PROBLEM REQUIREMENTS » Write out everything in the records exactly, apart from the pictures.

DATA EXTRACT »
● ● ● ● ●

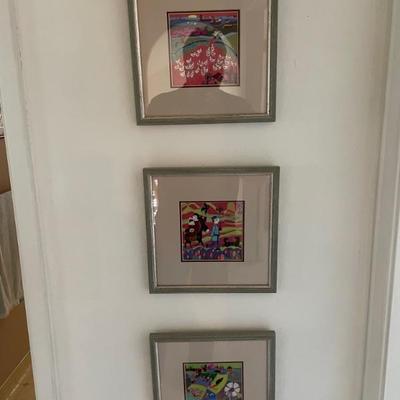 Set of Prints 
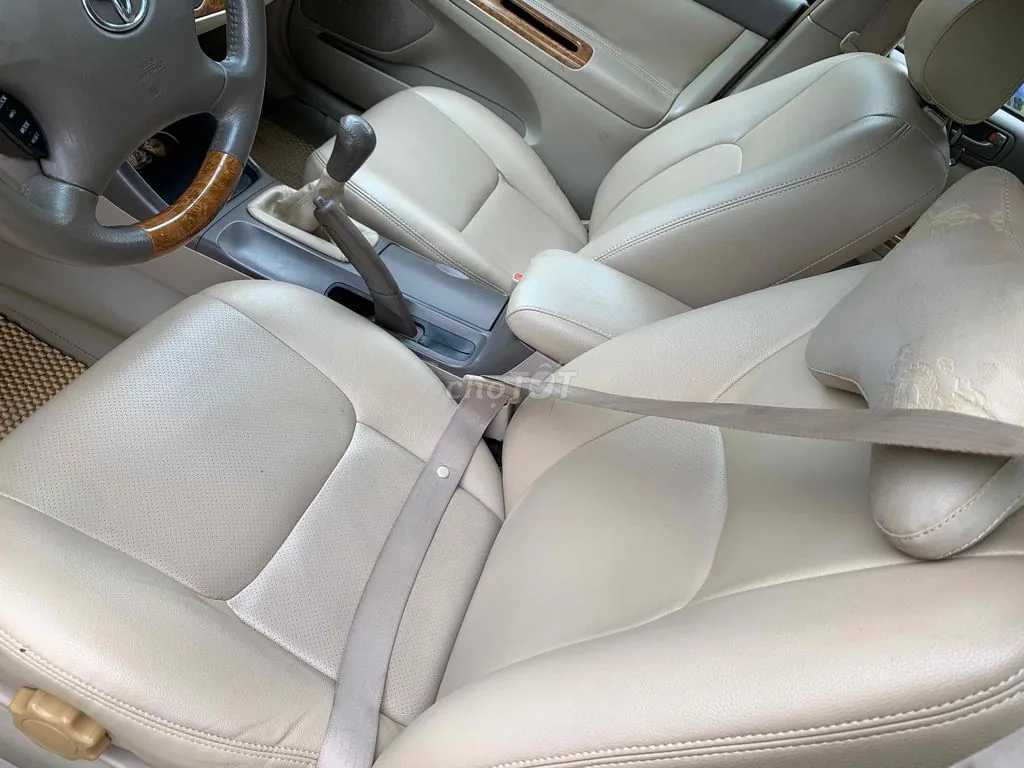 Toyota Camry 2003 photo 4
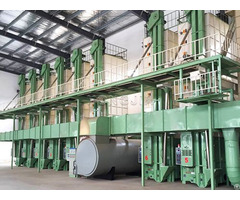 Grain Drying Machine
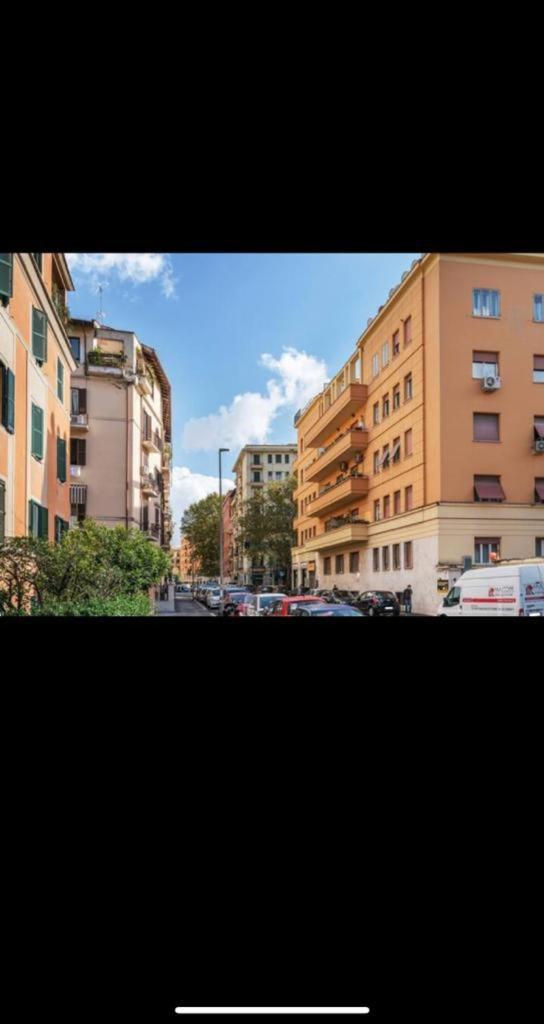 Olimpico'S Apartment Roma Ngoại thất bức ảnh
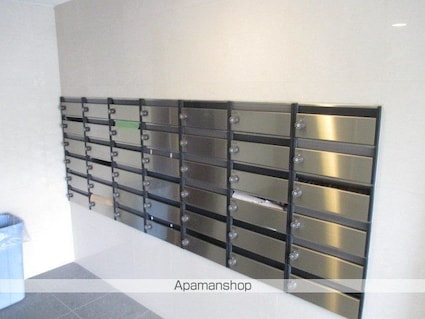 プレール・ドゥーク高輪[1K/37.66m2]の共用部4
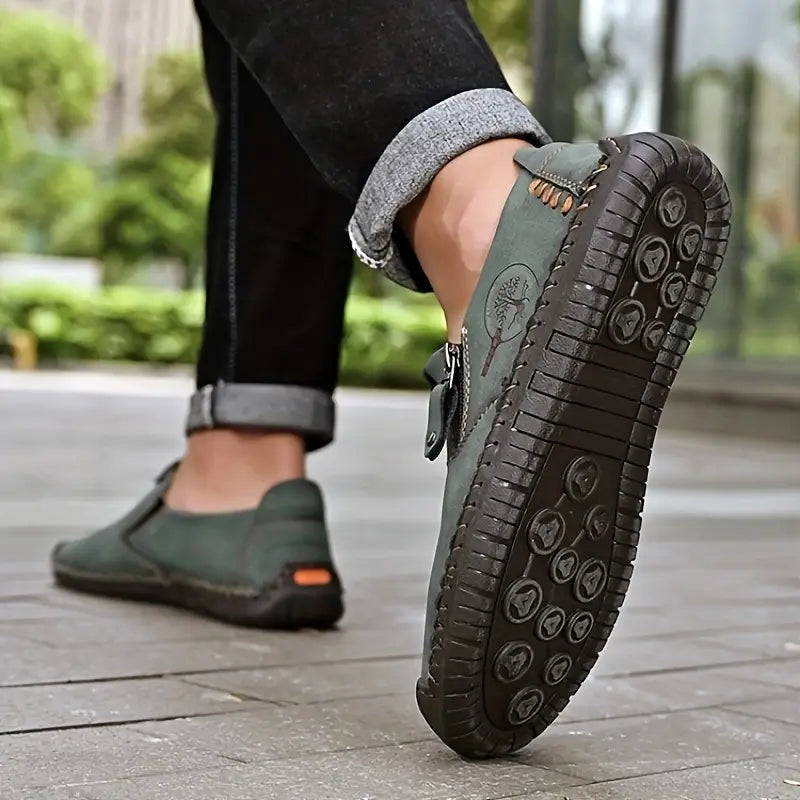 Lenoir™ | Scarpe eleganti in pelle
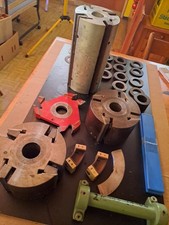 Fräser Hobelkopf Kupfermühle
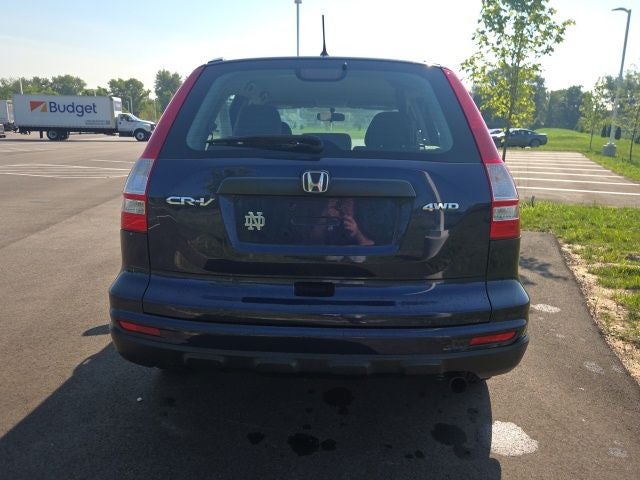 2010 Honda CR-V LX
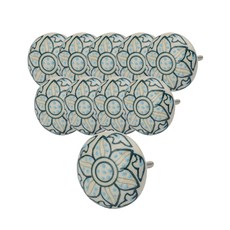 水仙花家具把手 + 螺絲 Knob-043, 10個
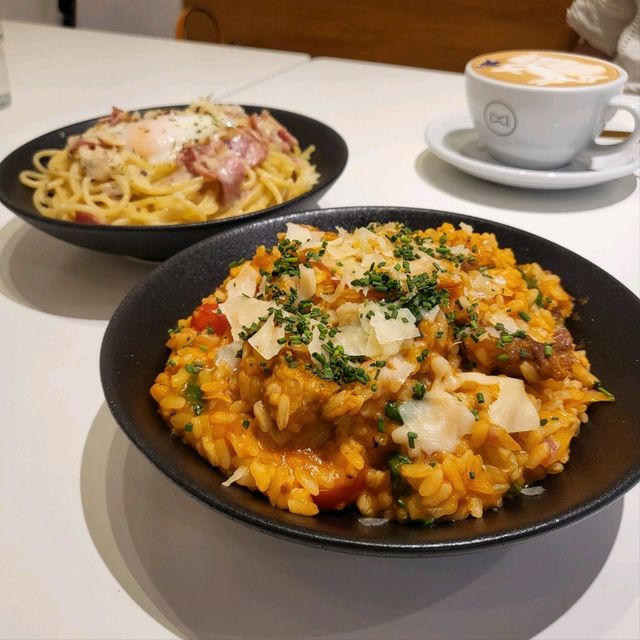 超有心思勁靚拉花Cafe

● ● ● ● ●

TASK ANSWER »
 Set of Prints 
 Toyota Camry 2003 photo 4
 Grain Drying Machine
 Olimpico'S Apartment Roma Ngoại thất bức ảnh
 プレール・ドゥーク高輪[1K/37.66m2]の共用部4
 Lenoir™ | Scarpe eleganti in pelle
 Fräser Hobelkopf Kupfermühle
 2010 Honda CR-V LX
 水仙花家具把手 + 螺絲 Knob-043, 10個
 超有心思勁靚拉花Cafe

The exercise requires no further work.